Why do you use a named capturing group with regexp?

Screen Link:

My Code:

pattern = r"(?P<Years>[1-2][0-9]{3})"
years = merged['IESurvey'].str.extractall(pattern)
value_counts = years['Years'].value_counts()
print(value_counts)

I’m not sure if I understand the explanation right from the exercise:

Using a named capturing group means that we can refer to the group by the specified name instead of just a number

Because we use the pattern: ?p<years> in the regexp. i can perform a value_counts method on the column years['years'] from the object years?

Hi @jeroenstikkelorum,

When you create named capturing group, in this case Years ( because of this code ?P<Years> ) a new column will be created with this name and the matches extracted will be saved under this name. Hence we can access it by calling the name of the named capturing group like years['Years'].
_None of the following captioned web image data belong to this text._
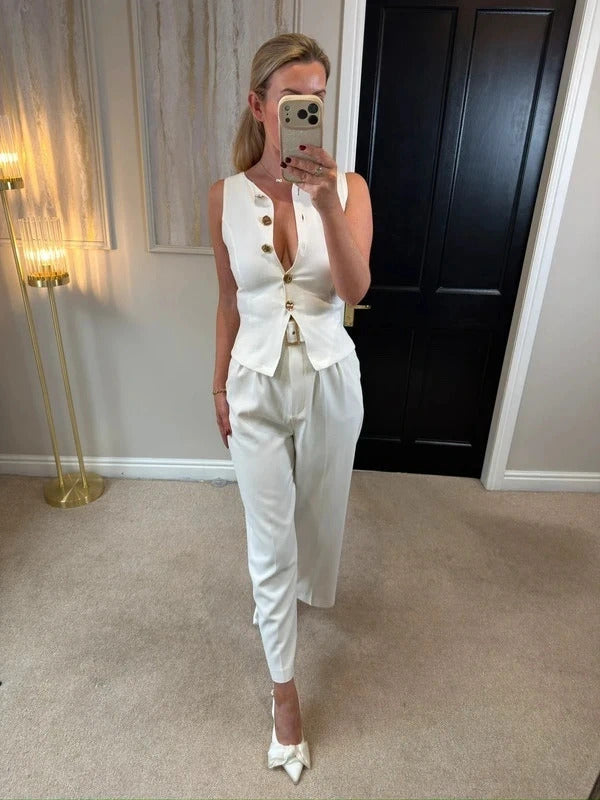 BNWT Zara Off White Waistcoat Top XS/S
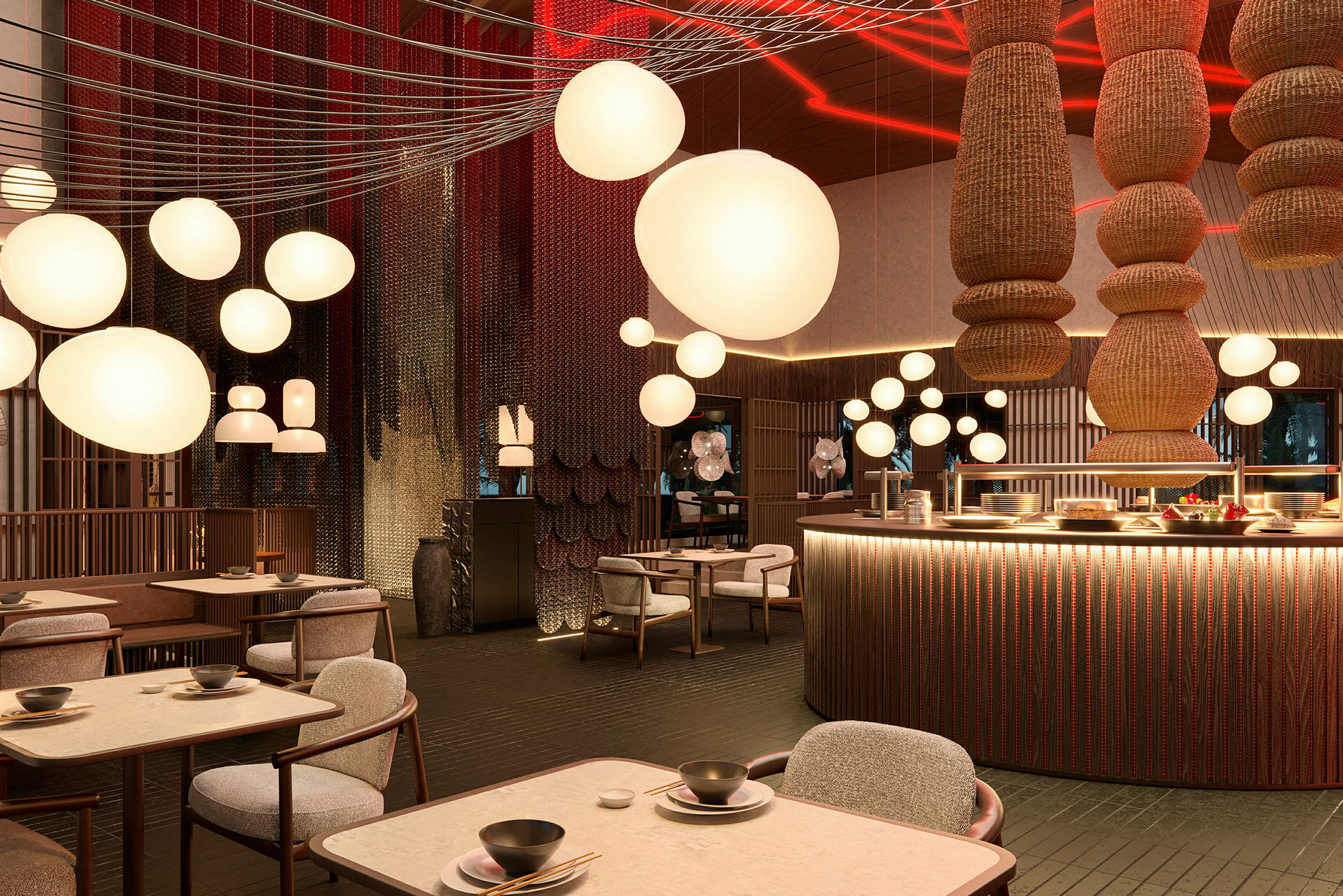 Bilde av et elegant restaurantinteriør med runde taklamper og stilfulle møbler. (AI-generert tekst)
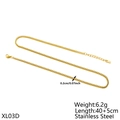 Detail of 18K gold-plated stainless steel box chain with size and weight dimensions - 2mm Wide Gold Box Necklace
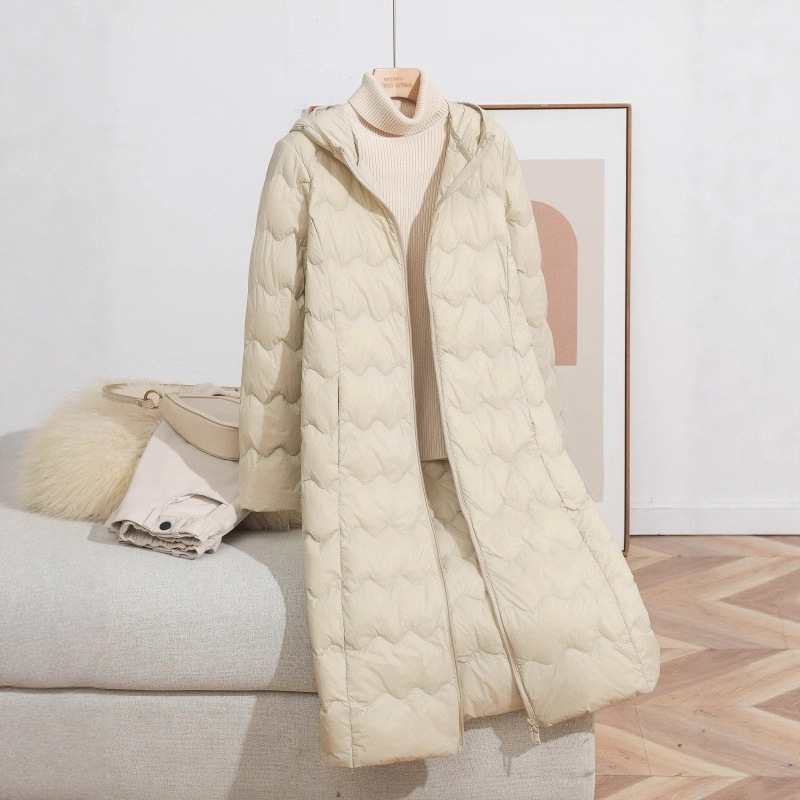 Demi-season fashionable long light and thin handheld keep warm down…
When you call years['years'] you can access all the patterns and use value_counts() just like on any column. I hope this helps.

2 Likes

Hi @jithins123

thanks for your clear explanation.

A few new questions that came to mind:

  • Why would you use a capturing group?
  • When would you use a capturing group?
  • If you use the pattern with another object for example:

pattern = r"(?P<Years>[1-2][0-9]{3})"
visitors = merged['IESurvey'].str.extractall(pattern)

extra column years will be added to the object: visitors?

Capturing group makes it easier to capture particular text or number from specific column that’s matched by regex defined in pattern variable. Since you want to extract specific string or number and then place the result in a new DataFrame with column named just like done for years variable.

Again, capturing is required if you want to capture specific info from column where you don’t want to extract everything. In this case, we want to capture only year in IESurvey column under merged dataset rather than capturing everything like “Expenditure survey/budget survey (ES/BS), 2004”. After capturing year by matching regex defined in pattern then we can set in a new variable years and then sort all counts by years in categorically.

visitors is defined as another variable so another result will be a DataFrame with one column created ‘Years’ just like you have initialised other variable named years. Again visitors and years will be separate variables with separate results.

Hope this helps.